◆ WORK INSTRUCTION
Output only the lines below from the one holding "Vitrina Acrílica Transparente" down to the one holding "Pin's - planète style Saturne couleur or", both end lines included and every picture dropped.

◆ DATA
-=-=-
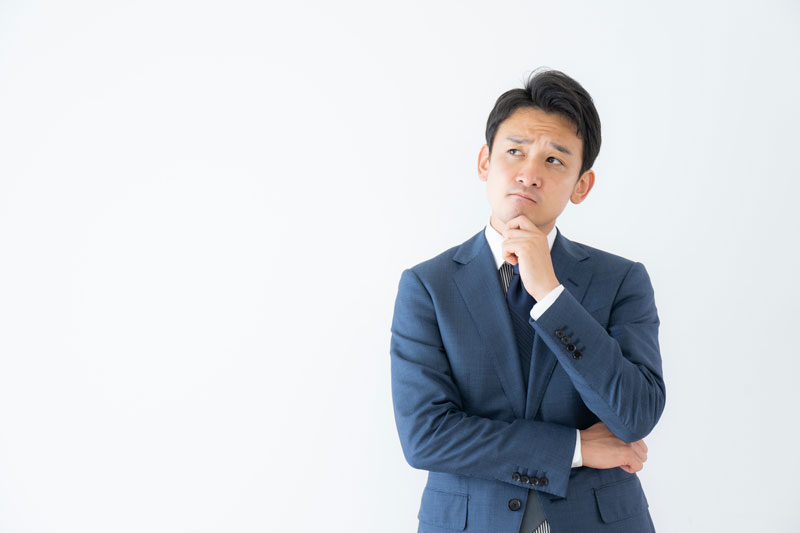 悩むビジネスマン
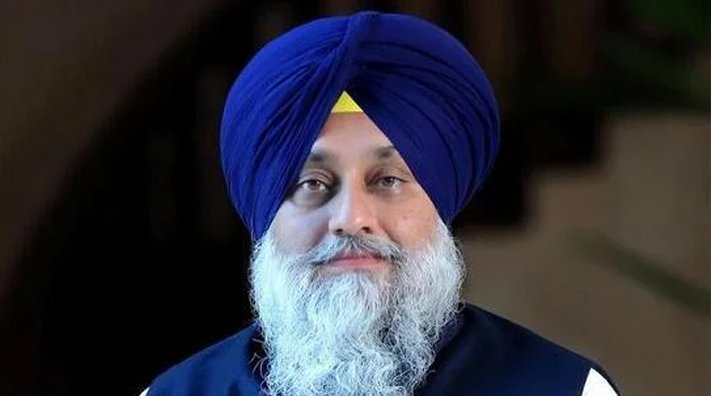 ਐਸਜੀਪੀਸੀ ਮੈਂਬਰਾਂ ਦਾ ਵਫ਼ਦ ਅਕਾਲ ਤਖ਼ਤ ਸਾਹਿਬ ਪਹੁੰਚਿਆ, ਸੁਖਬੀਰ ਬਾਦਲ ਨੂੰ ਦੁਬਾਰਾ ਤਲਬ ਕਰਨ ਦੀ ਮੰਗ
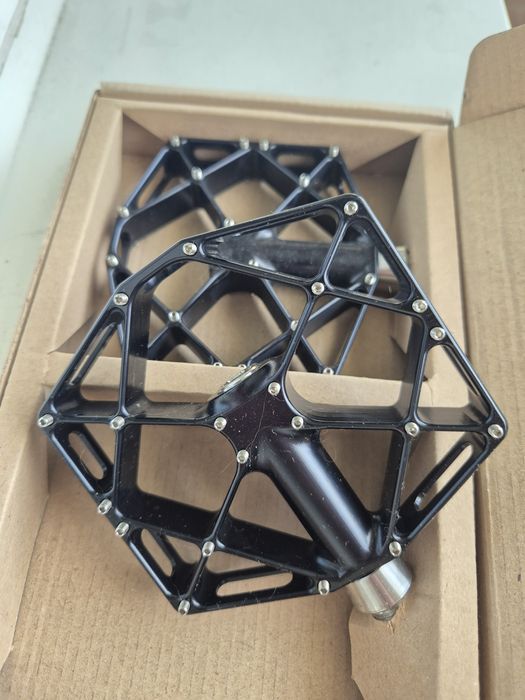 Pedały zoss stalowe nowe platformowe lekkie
-=-=-
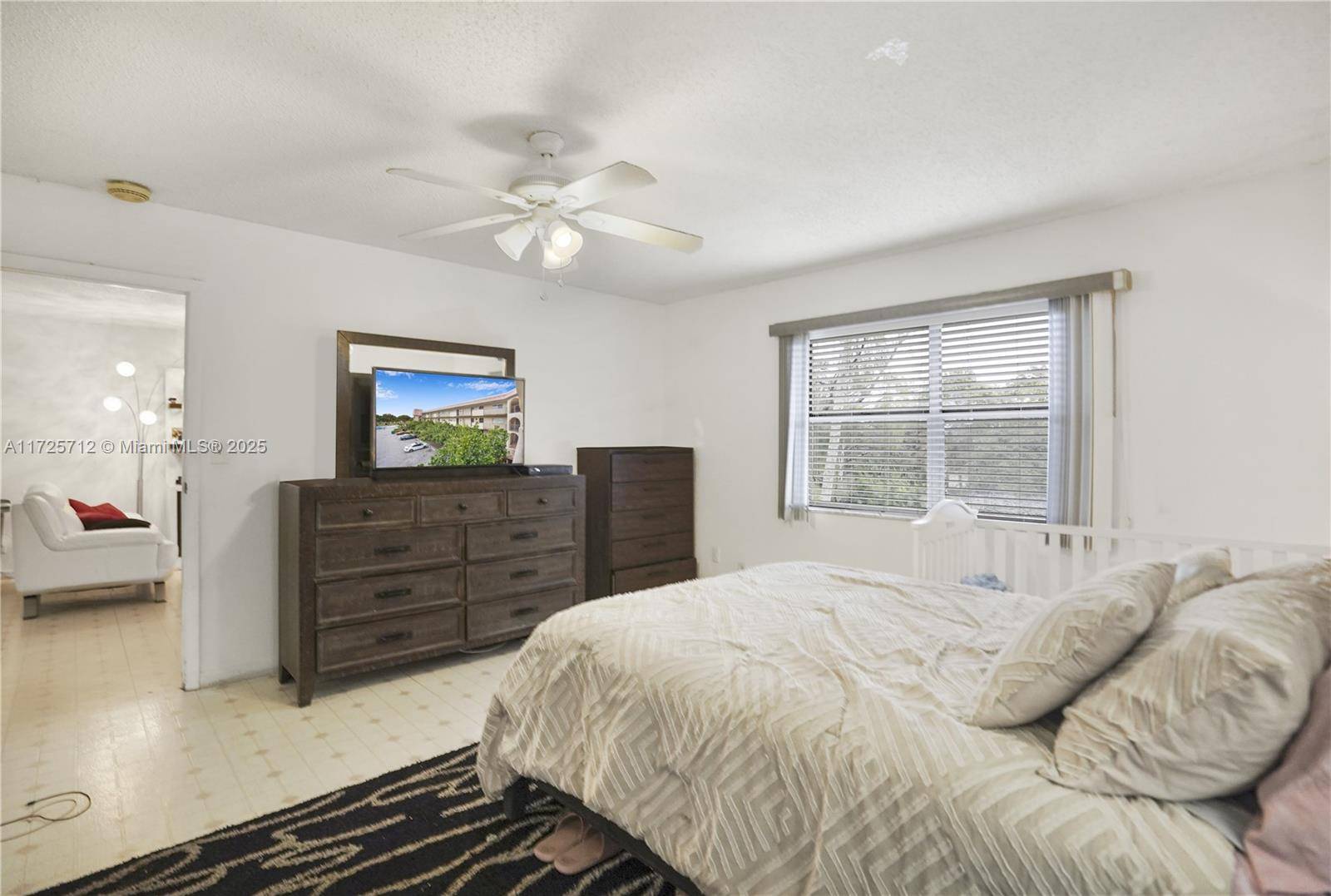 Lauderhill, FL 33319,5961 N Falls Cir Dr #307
-=-=-
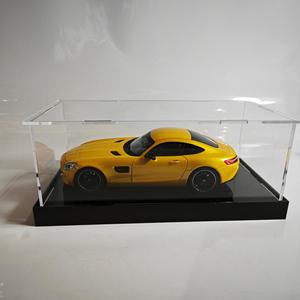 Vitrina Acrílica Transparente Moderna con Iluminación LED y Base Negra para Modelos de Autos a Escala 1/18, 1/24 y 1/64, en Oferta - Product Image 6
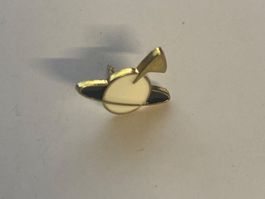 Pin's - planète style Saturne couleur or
-=-=-
◆ YOUR SOLUTION
 Vitrina Acrílica Transparente Moderna con Iluminación LED y Base Negra para Modelos de Autos a Escala 1/18, 1/24 y 1/64, en Oferta - Product Image 6
 Pin's - planète style Saturne couleur or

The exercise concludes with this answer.